Scripture gives us a clear road to recovery.

  1. Love. Jesus said to His disciples in John 15:12 “This is My commandment, that you love one another as I loved you.” This is a specific Love to a specific group. As we follow Him, we are to love one another as He has loved us. There is no greater expression of His love toward us than that He has forgiven us. The Bible says in 2 Cor 5:19 that God was not and is not imputing our trespasses against us. God’s not holding your past against you but has in Christ completely forgiven you so that if you have received Christ as your Lord, you can stand before Him as if you have never done anything wrong. That is complete forgiveness.
  2. Forgive. Jesus said in Mark 11:25 “And when you stand praying, if you have anything against anyone, forgive it, so that your Father in Heaven may also forgive your deviations” LITV. The word forgive here in scripture literally means to send forth, to forsake, lay aside or yield up. You probably have heard people say “I forgive them but I can never forget” but that can not be true. To truly forgive means that when those thoughts come up, not only do you not talk them out but you intentionally cast them down and purposefully not think on them. You choose to forsake the hurt. You choose to lay aside the injury. You choose to forgive
  3. Turn your mouth around. Instead of rehearsing the past hurts, next time the opportunity arises to talk about the hurt, don’t do it! Make a decision that you will not continue to rehearse the past and scratch the wound back open. Instead, choose words of love, kindness and forgiveness. Intentionally say good things about the person who hurt you. Ask God to guide you. He will give you words to say.
  4. Walk in wisdom. Just like in woodworking, I learned the hard way that I need to pay attention to my actions and the potential for accidents and trouble. I need to look down the road and consider the results of my actions and words. If I don’t want people to be offended, then I need to make sure I’m not offensive. The easiest way to get past a physical or emotional injury is to simply not have one.
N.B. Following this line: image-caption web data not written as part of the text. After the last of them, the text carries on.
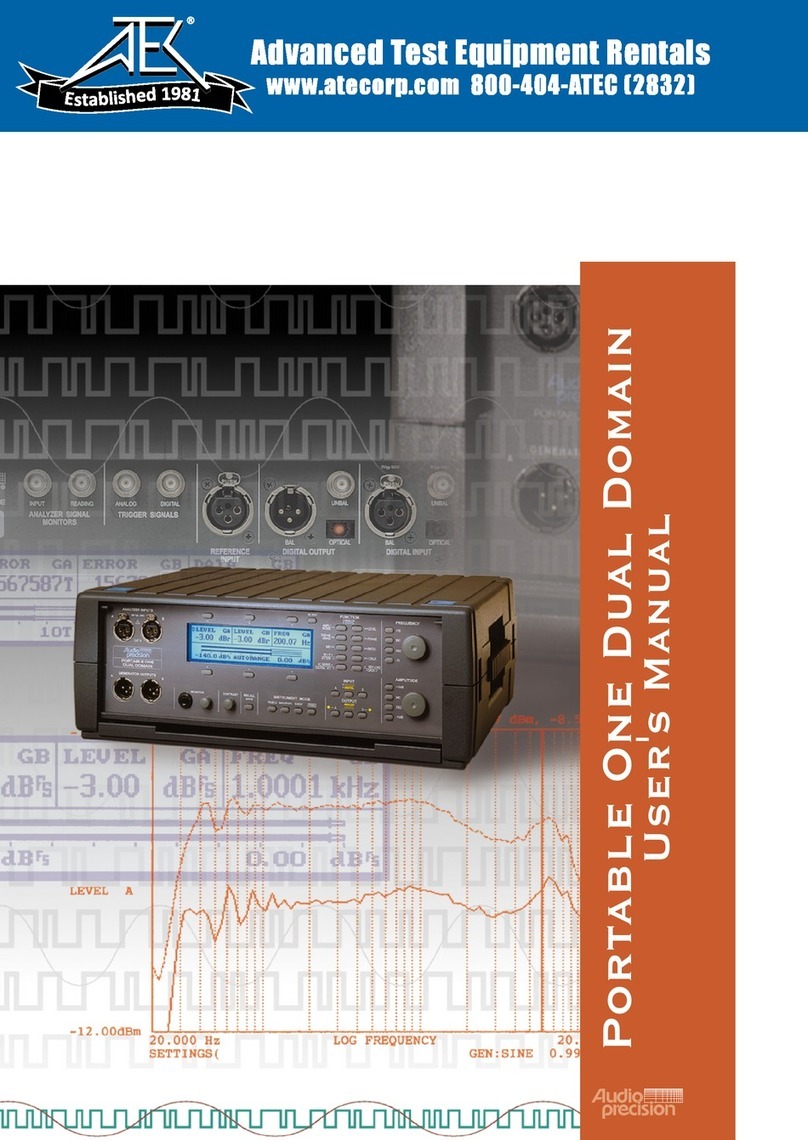 Audio Precision Portable One Dual Domain user manual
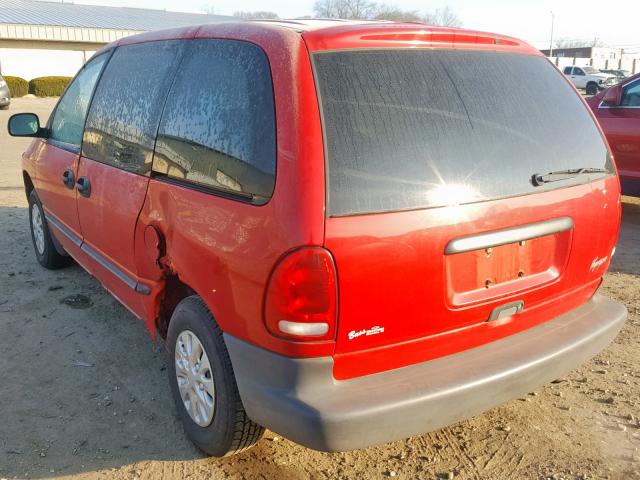 2P4GP2537YR565531 - 2000 PLYMOUTH VOYAGER RED photo 3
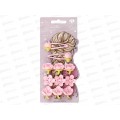 Зажим д/волос ФЕН Цветочки 6,8см. 5шт. розовый 71757 *10 Зажим д/волос ФЕН Цветочки 6,8см. 5шт. розовый 71757 *10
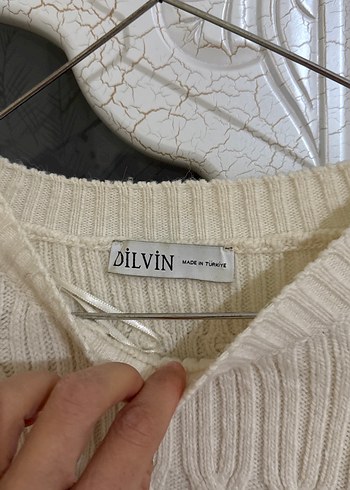 Kadın Bohem Örgü Kazak - Görsel 2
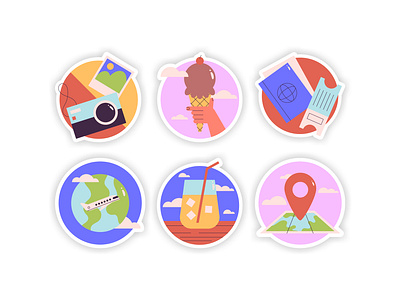 Hello, holidays! design graphic design holidays icons illustration minimal design vector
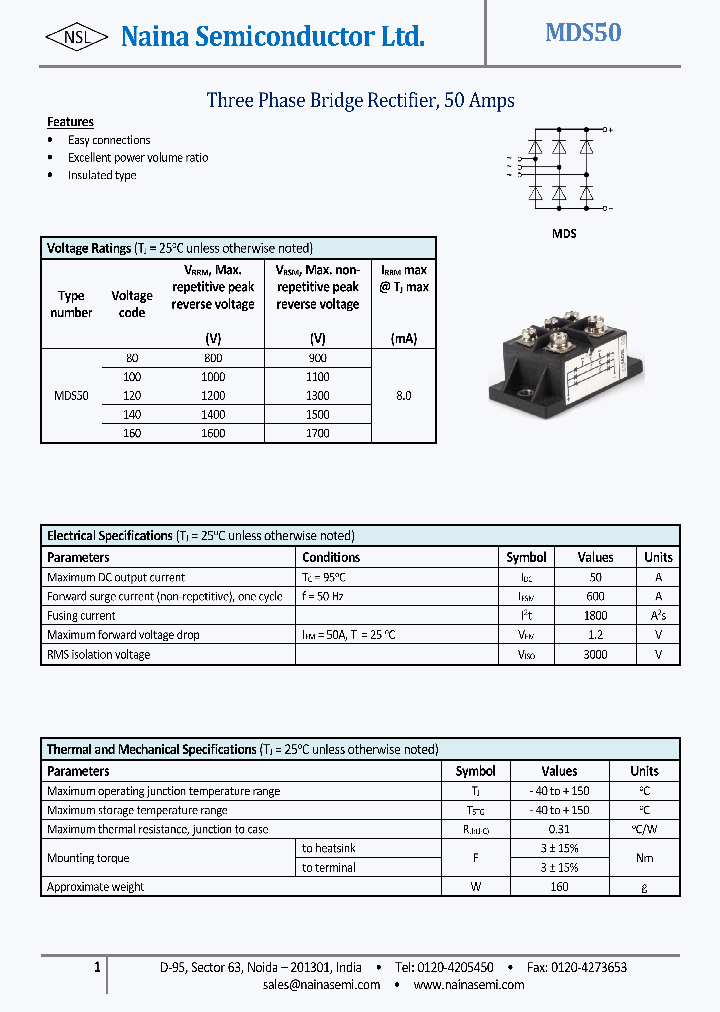 MDS50_8873420.PDF Datasheet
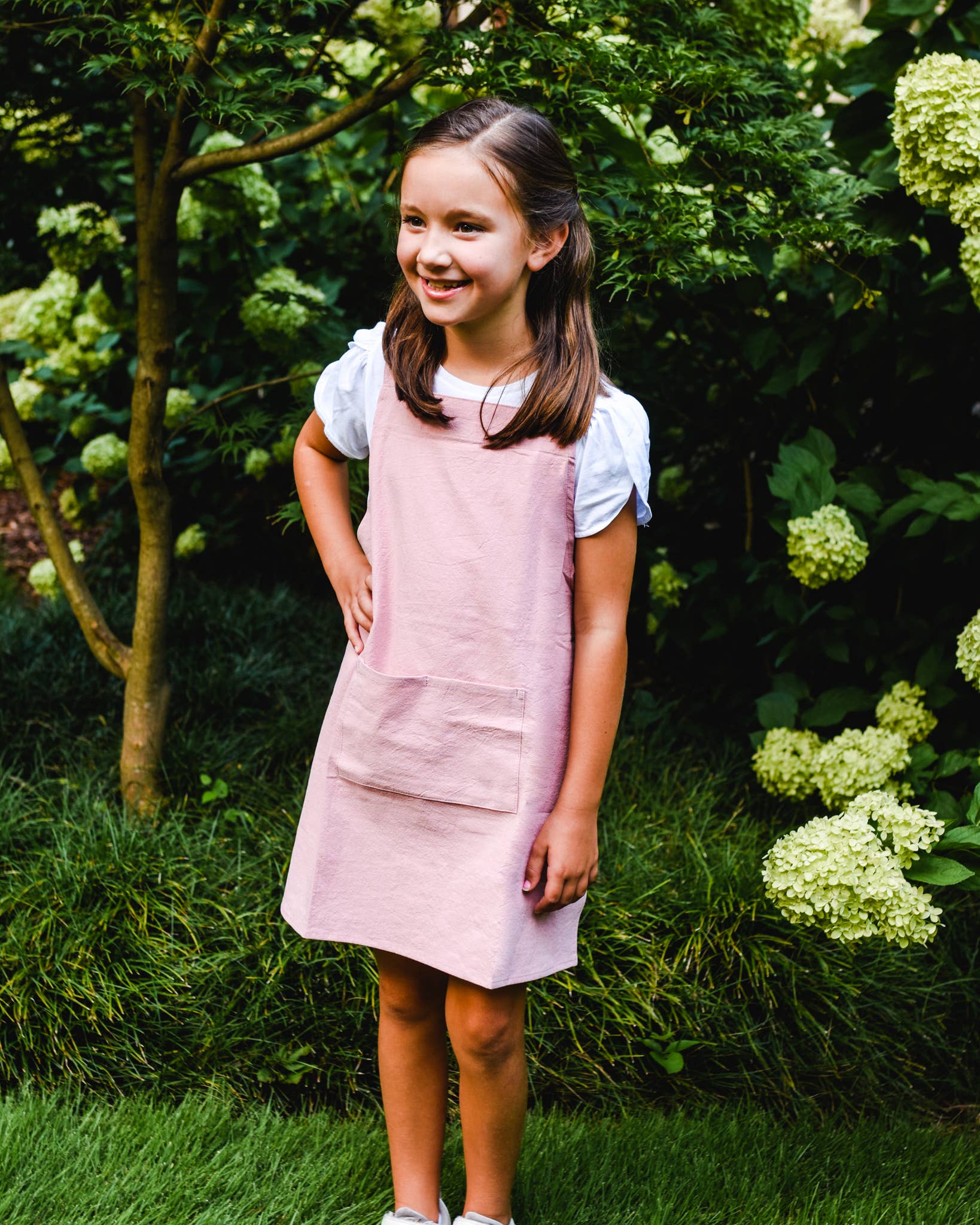 Cotton Cross Back Apron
“Forgiveness is the fragrance that the violet sheds on the heel that has crushed it.” 
 Mark Twain

 

When you find yourself in the thick of it though, remember, walk in love, walk in forgiveness, turn your mouth around and finally, walk in wisdom to avoid trouble in the future.

When true forgiveness is present, it shows us that real love is also present because love is shown in forgiveness. It is the hallmark that God is on the scene.
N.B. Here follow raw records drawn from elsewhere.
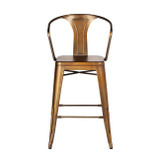 Bastille Counter Stool Antique Brass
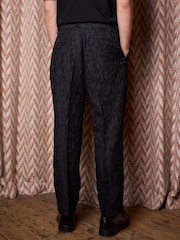 Черный - Edit Textured Suit Trousers - Изображение 2 из 8
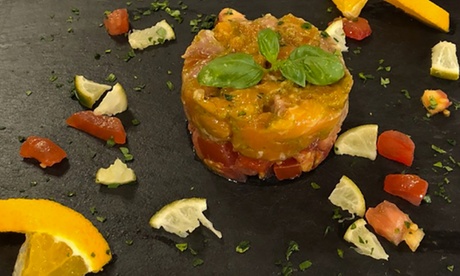 Menu Gourmet di mare da 3 o 4 portate con calice di vino al ristorante La Revancha (sconto fino a 61%)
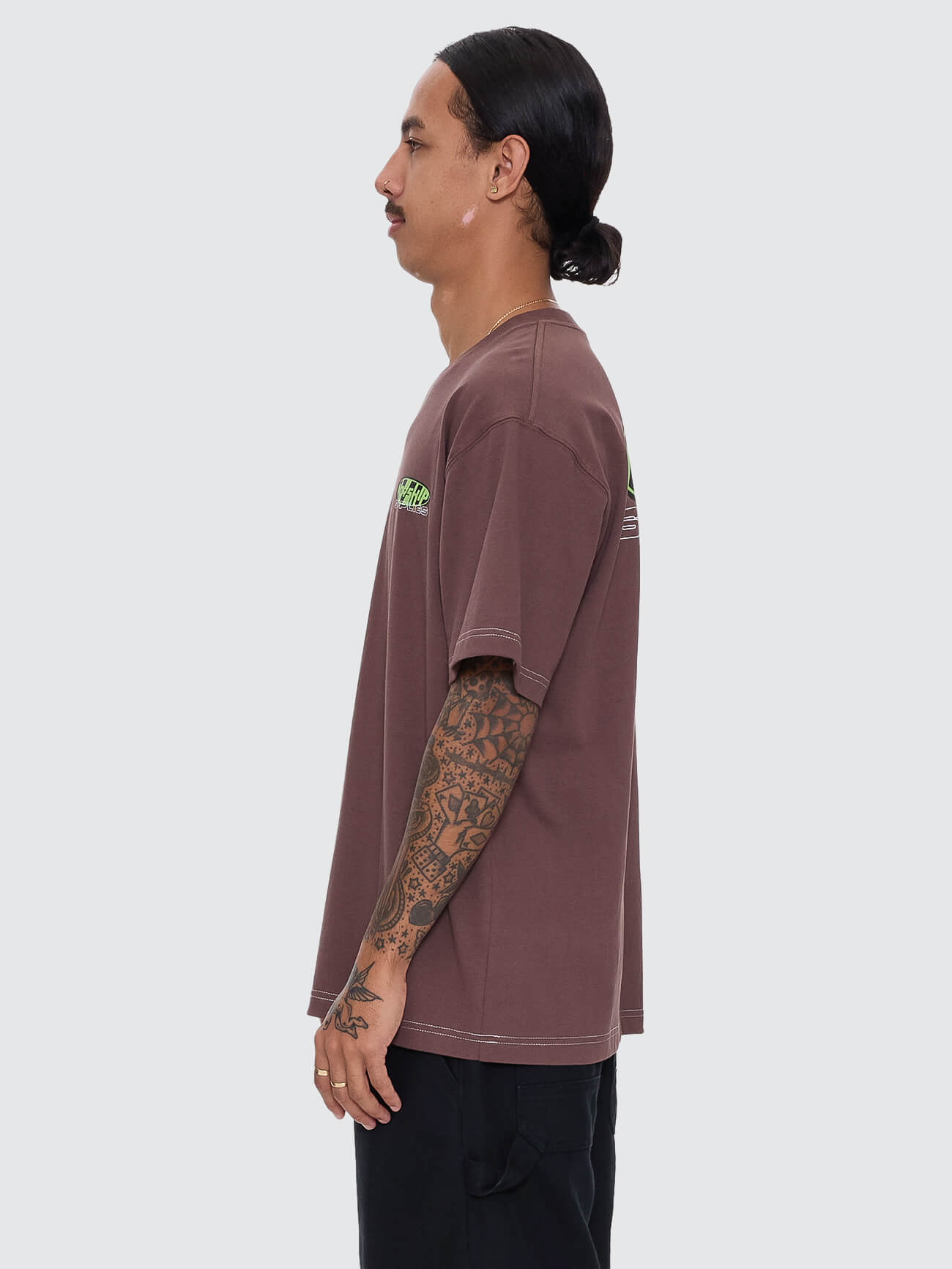 Funku Regular Fit Tee - Dark Choc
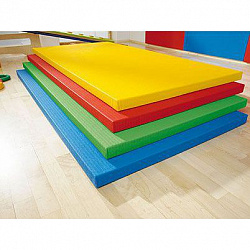 Мат жесткий для единоборств 1х2х0,05м, ПВВ, иск. кожа, anti-slip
“Forgiveness is not an occasional act, it is a constant attitude.” 
 Martin Luther King Jr.

I want to encourage you this week to examine yourself & look for pockets of unforgiveness in your heart. Don’t be easy on yourself. Are you holding a grudge? Are there things that you haven’t let go of? Make the choice this week to forgive. Don’t let your hurt contaminate any more of your future. Choose freedom.